Sin saber lo que tenía, yendo médico tras médico, y todos sin tener ni idea, por medio país, pasaron dos años. Dos años de incomprensión, de lucha, de superación, de insomnio, de terrible supervivencia. Dos años adolescentes, dos años que no se merece ningún ser humano, y menos a esas edades. Parte de su juventud robada y tirada al vertedero.
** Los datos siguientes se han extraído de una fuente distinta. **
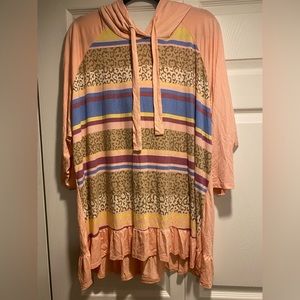 Lightweight Peachy/Pink Hoodie with 3/4 Sleeves Size 2xl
Hasta que no se puso de manifiesto un auténtico síntoma físico, toda explicación se iba hacia el «estrés doméstico». Razonamientos vagos e injustos. Tuvo que ponérsele un bulto del tamaño de un trolebús en la garganta para llegar a alguna conclusión. Resultado: quimioterapia. Cinco sílabas que dan pánico. «Mamá, lo único que no quiero es que se me caiga el pelo». Se le cayó. Radioterapia. Suena menos impactante pero la misma mierda es. Un año más de doble vida, de sufrimiento, de constancia, para llegar a ser una persona completamente normal.

A pesar de todo, nunca dejó de intentar llevar una vida corriente, aunque a veces las circunstancias, como tener fiebre cada 15 días durante una temporada, le dejaran apenas con posibilidades para seguir adelante como los demás, sobre todo dándole ellos de lado en vistas de su deplorable situación, que ya hay que tener maldad y desconsideración. Y aún así, trata el asunto como una etapa más, jodida pero que forma parte de su ser y que, «quieras que no, es una experiencia», declara, mientras le miro con ojos como platos asimilando el relato y su optimismo.

Admiro profundamente su fortaleza y me doy cuenta de un aspecto muy interesante, curioso y algo triste de mi existencia: la completa ignorancia en torno a verdaderos problemas que no paran de rodearme en cientos de sujetos anónimos. Sucesos, enfermedades, tragedias ficticias en cine e inesperadamente reales, que llegan un día de repente y me desmontan cual castillo de naipes la perspectiva de una persona, de la gente y del mundo.